Aim of the task: Once you have reviewed the listing below, restate it word for word.

Given information:
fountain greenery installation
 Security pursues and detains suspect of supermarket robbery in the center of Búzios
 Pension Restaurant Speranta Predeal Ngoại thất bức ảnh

Exercise result:
fountain greenery installation
 Security pursues and detains suspect of supermarket robbery in the center of Búzios
 Pension Restaurant Speranta Predeal Ngoại thất bức ảnh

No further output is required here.